Since my little 42.3-mile run at the end of November, I had run a total of nine easy miles, once with my sister at Woodlands in Texas and once around Fayetteville Lake. I wasn't injured or anything; I just wanted to give myself a break and address some other things for a while. Today, though, I couldn't stand it anymore. I had to go back to the Mother Trail at Hobbs for the first time since my 50k last June. My training plan states explicitly that training does not start before February 17th, but it does not forbid pre-training, so that's what I did.
New toy, I mean tool:
I'm glad I began running two years before GPS existed so I could learn to manage my runs the old-fashioned way: with a watch.
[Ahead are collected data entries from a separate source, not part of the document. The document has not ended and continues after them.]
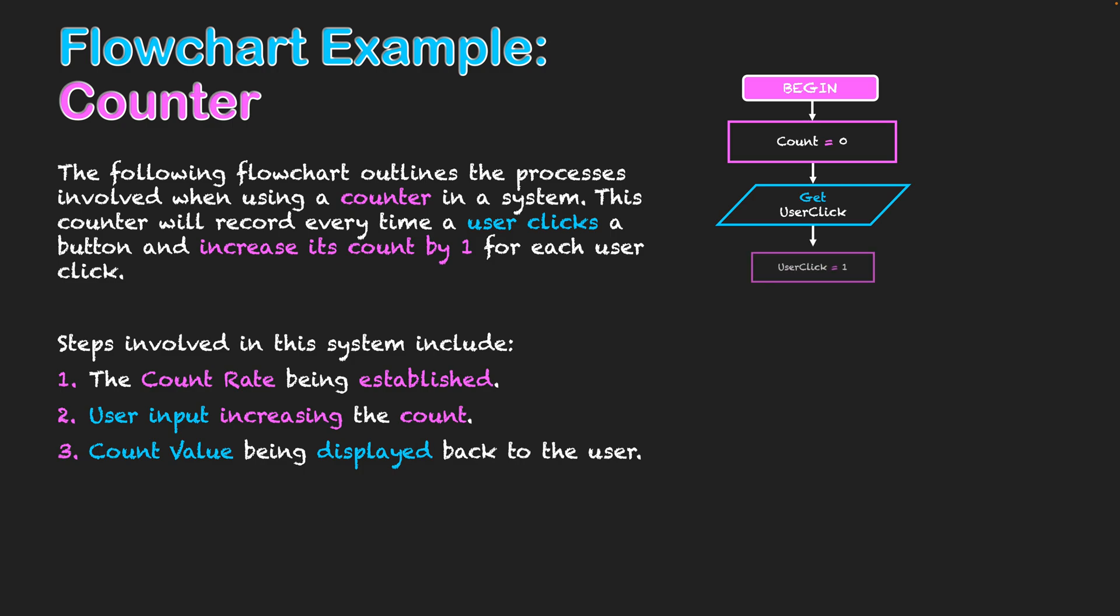From here then, we need to say user click equals one. Now this step's important because while we are looking at a basic count program here that is just adding one every time we click, in a bigger program, I might decide that user click might equal two or five, or I might have different types of clicks or areas that could mean different values. It's important to establish that as a specific value and potentially I could have many different variables equaling different values there. But essentially we're saying here, user click equals one, because we want it to increase as one with every click.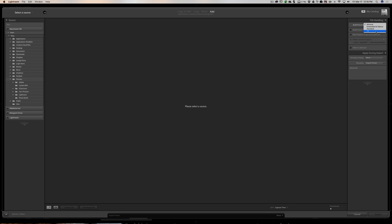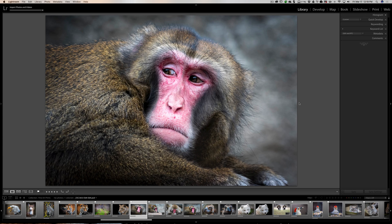There are two downsides to one-to-one previews. First, they take up a lot of disk space, so if you have limited disk space I don't recommend them. The other downside is that during import Lightroom is doing a lot of work — creating a one-to-one preview, a standard preview, and copying the embedded preview — so your imports are going to take a long time. Your imports will be slower and you'll use up a lot of disk space, but Lightroom will run much quicker.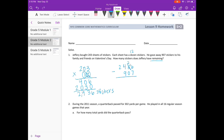6 minus 7 we can't do, so I'm going to borrow from the 3, make it a 2. 16 minus 7 is 9. 2 minus 0 is 2. 4 minus 9 we can't do, so I'm going to borrow — make that 14 minus 9 is 5. And then we have 1, so he had 1,529 stickers remaining.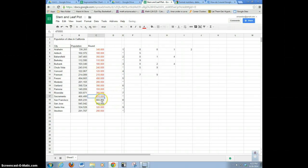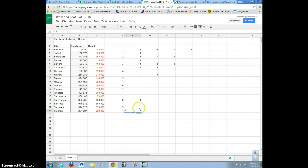Then 800 would be here. And San Jose was 950 — that'll be right here. Okay, so I got them all.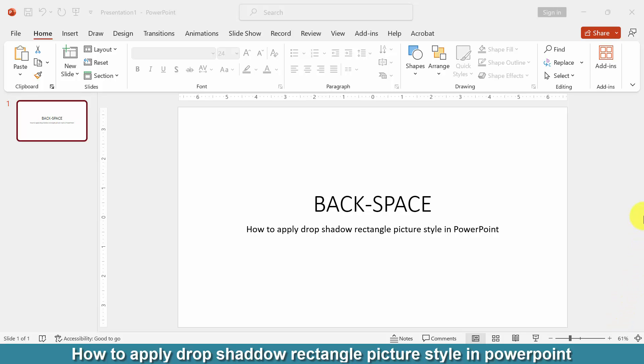Firstly we have to open a PowerPoint presentation. Then we want to make a picture drop shadow rectangle effect or style.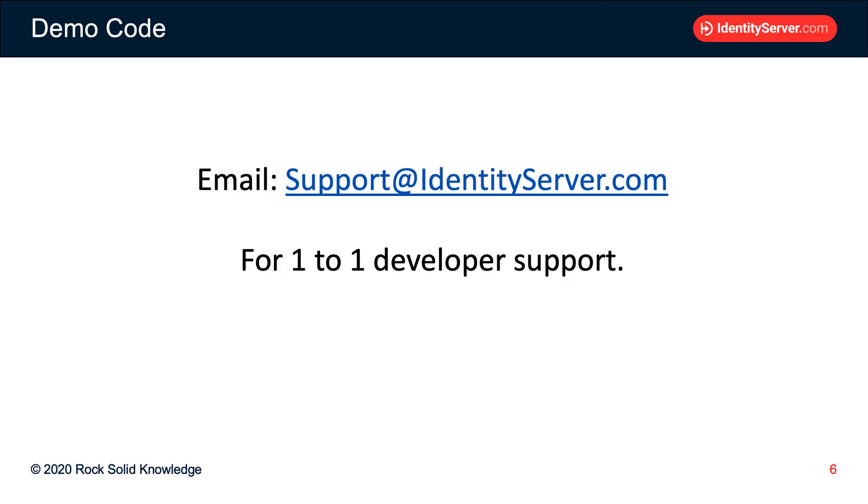Now, if you turn on the logging and you still find things don't work, then you can get help from identityserver.com. So if you need one-to-one developer support, then please email support at identityserver.com.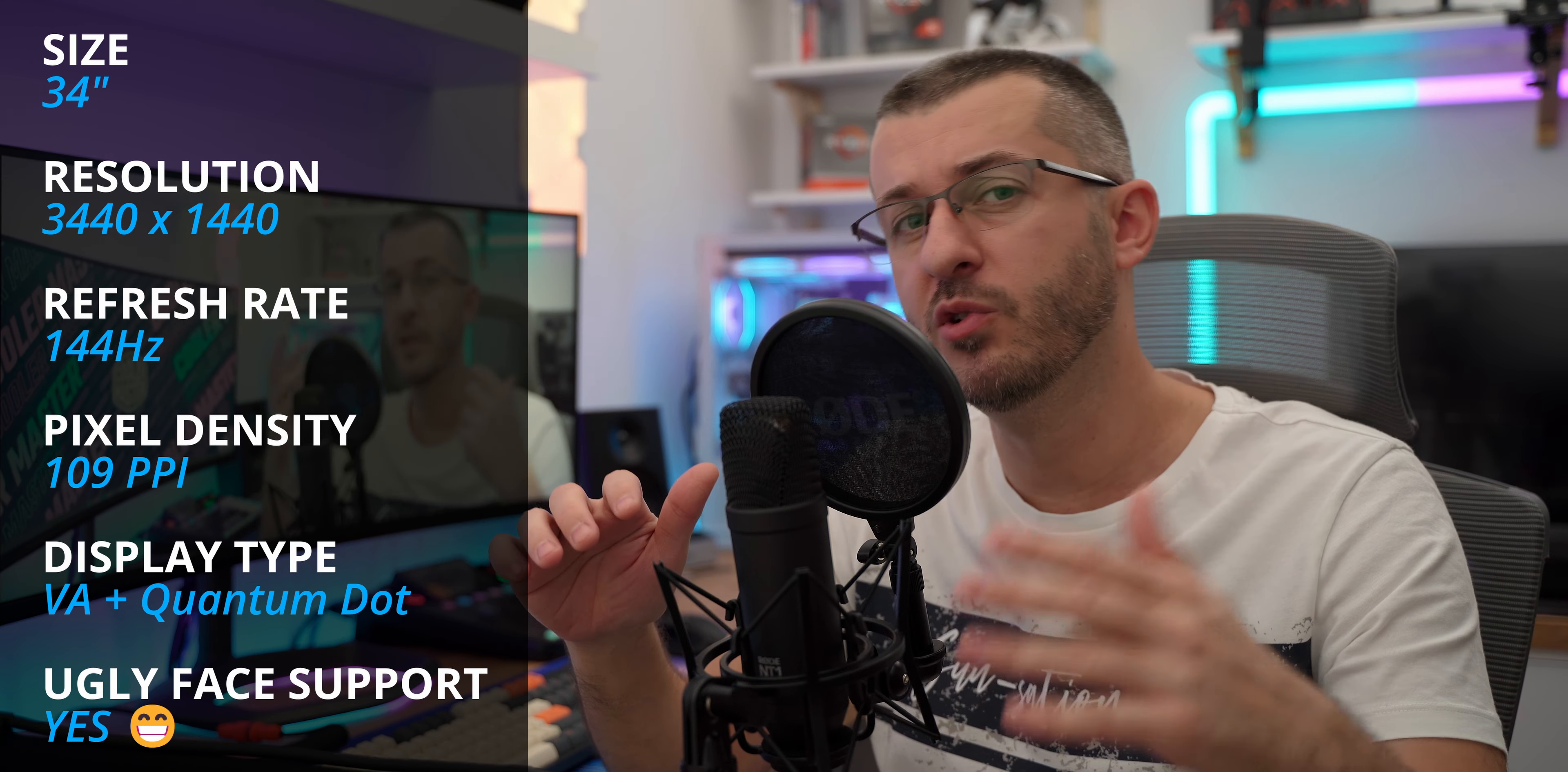It also supports FreeSync Premium out of the box, it is not G-Sync certified but it works fine with G-Sync enabled as well on Nvidia cards. Its brightness is certified at some 400 nits and actually it's more in a 440 nits range, it's a bit brighter.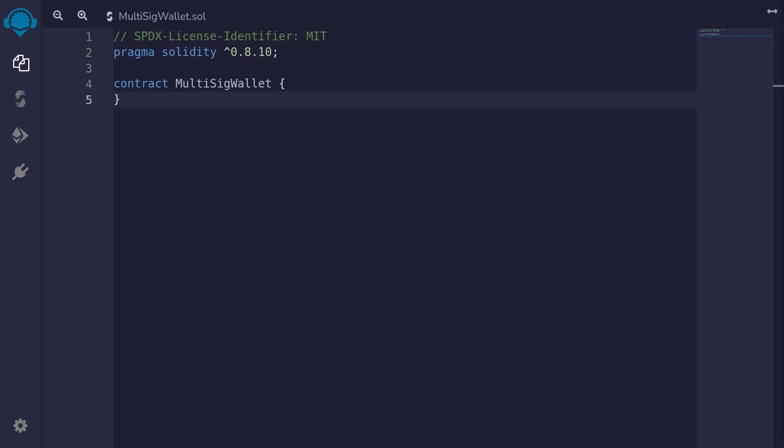If you can write your own multi-sig wallet, then that shows that you have a good understanding of Solidity. You'll have no problem writing easy to medium Solidity contracts. So let's go ahead and build a multi-sig wallet.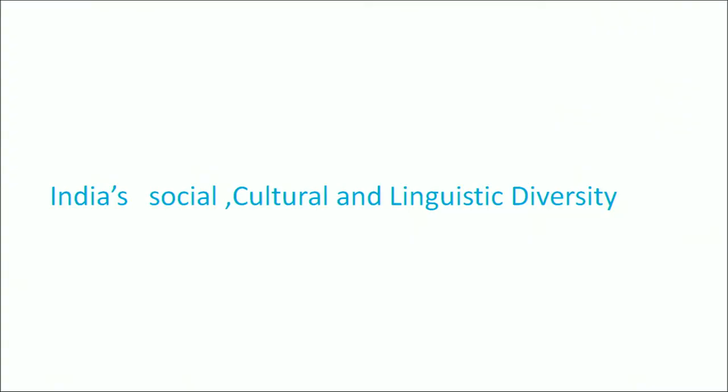Good morning learners. I am Dr. Mrs. Parveen Sharma. Welcome you all to the studio of NIOS. Today we will discuss under the course code 509 DLA program — Pedagogy of Social Science — and our topic for today's discussion will be India's social, cultural and linguistic diversity.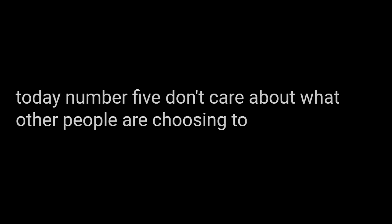Number five, don't care about what other people are choosing to do. That is their problem, not yours.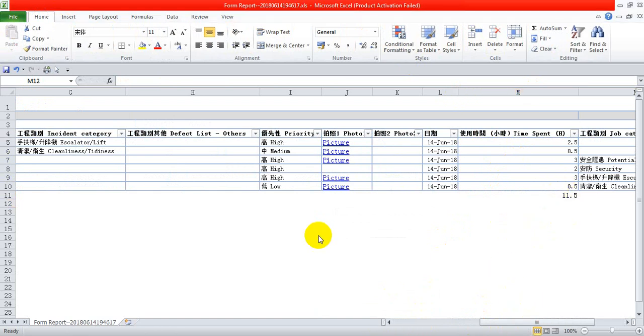This function is an optional add-on to Tooltrax. Please contact your distributor for further information. Thank you.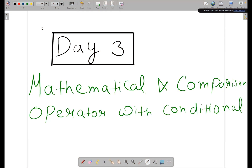Hi everyone, this is the Day 3 pre-class session. In this session I will be discussing mathematical and comparison operators with conditionals. I'll be covering just an overview of all the topics so that you get an idea of what we'll be learning in the Day 3 session.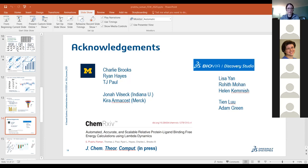Question from Aniket Magarkar: can this method be applied to ligands with different formal charges? We haven't tried it yet — our dataset purposely used molecules with the same charge state. In FEP, endpoint corrections are applied to account for finite size effects and charge changes, and I don't see why we cannot do the same in MSLD. The tool doesn't support it yet, but it can be done.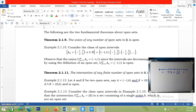The following are the two fundamental theorems about open sets. We have the union and the intersection. Let's consider first the union. It says that the union of any number of open sets in R is open. Let's consider the class of open intervals A sub n.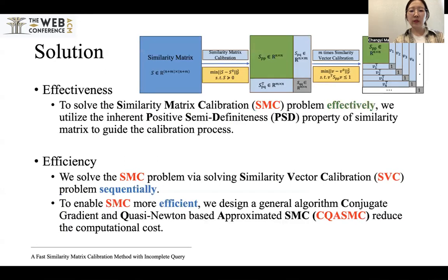To ensure effectiveness, we fully investigate and utilize the unique and inherent positive semi-definiteness property of the similarity matrix to guide the completion process. To ensure efficiency, we solve the SMC problem by solving the similarity vector completion problem sequentially. To enable SMC to be more scalable with large-scale datasets, we further propose a general solver based on the conjugate gradient and Gauss-Newton algorithm to reduce computational cost.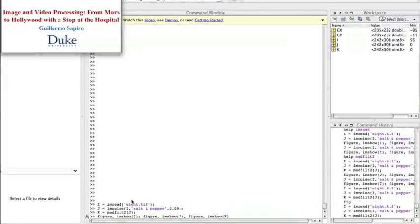Image I is the original image, we're going to see it in a second. Image J is this image, but we have added salt and pepper noise.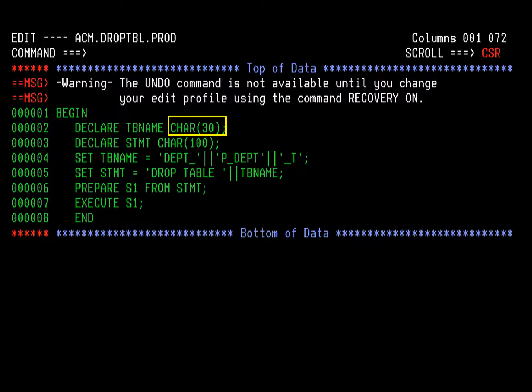The text panel is displayed. We will change the length of TB name from 30 to 40, so you type over the existing 30. Any formatting that exists in the DB2 catalog for the text will be honored when the text is displayed. If the text lines are longer than 72 bytes, you can scroll to the right. You have now completed your changes to the stored procedure ACM.DROPTBL.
Fortunately, though, this year they introduced a new technology called a Global Positioning System which is going to be a boon for trail runners everywhere. I bought one. As I went to bed last night, my plan was to run ten or so laps of the Don Tyson, wearing my new GPS watch, and then publish the run information to this humble blog. I didn't particularly want to run the Don on what I knew was going to be a beautiful day, but I love absurdity and nothing could be more absurd than running laps on a half-mile stretch of sidewalk wearing a GPS watch. In the morning, though, my Hobbs homing instinct was just too strong.
The Bunny Ears:
Non-Hobbsers might benefit from a quick explanation of some stylistic considerations regarding the Bashore Ridge Loop and the Dutton Hollow Loop which make up what everyone calls the Bunny Ears. The first thing is that in the trail running universe, there exists no such thing as running only one or the other of the bunny ears. If you break your ankle on the first one, you tape it up, find a good stick to use as a cane, and you finish the other loop. There are no clear rules beyond that, but the consensus opinion is that the most aesthetic route is to run the Bashore Ridge Loop first and to run both loops clockwise. That's all I've ever done. I like to park at the Piney Road access so I can finish my long runs on the Bunny Ears. The climb out of Dutton Hollow on tired legs is just glorious!
My pain place:
I've gone to my pain place on the Dutton Hollow Loop several times, the most special being the first time I got past 20 miles--I actually ran 22--which was my last run before my marathon last year. It was then that I had the first real-deal muscle cramp of my life, where I could see a knot the size of a baseball forming and releasing on top of my leg. I wasn't in that bad a shape today but I was definitely in pain, so I commemorated the event by sitting on the same log I sat on last year when I lost the use of my left leg for about ten minutes because of that awful cramp. This time I just watched my calves and quads dance around like they always do four hours into a run. It was nice
I'd like to think I would have pushed just as hard today without the fancy GPS watch, but I just don't know. I was extremely surprised and pleased at how well I ran and how well I felt after running the Clifty and War Eagle loops, especially after my two-month hiatus. It would have been pretty easy to call the run a great success at that point and go on home. But I knew whatever run I did today was going to be published on this blog for God and everyone else to see. I made sure my run was worthy, and in my mind, it is. You can see everything--splits, pace, an aerial photo, even replay the run--right here:
Please do take a look and let me know if you can see it. I may need to change privacy setting or something.
On second thought . . .
This was a really hard run, so much so that calling it pre-training is probably what Winston Churchill would call a "terminological inexactitude." No. I think I can say that my training for the Inaugural FlatRock 101k Ultra Trail Race has officially begun!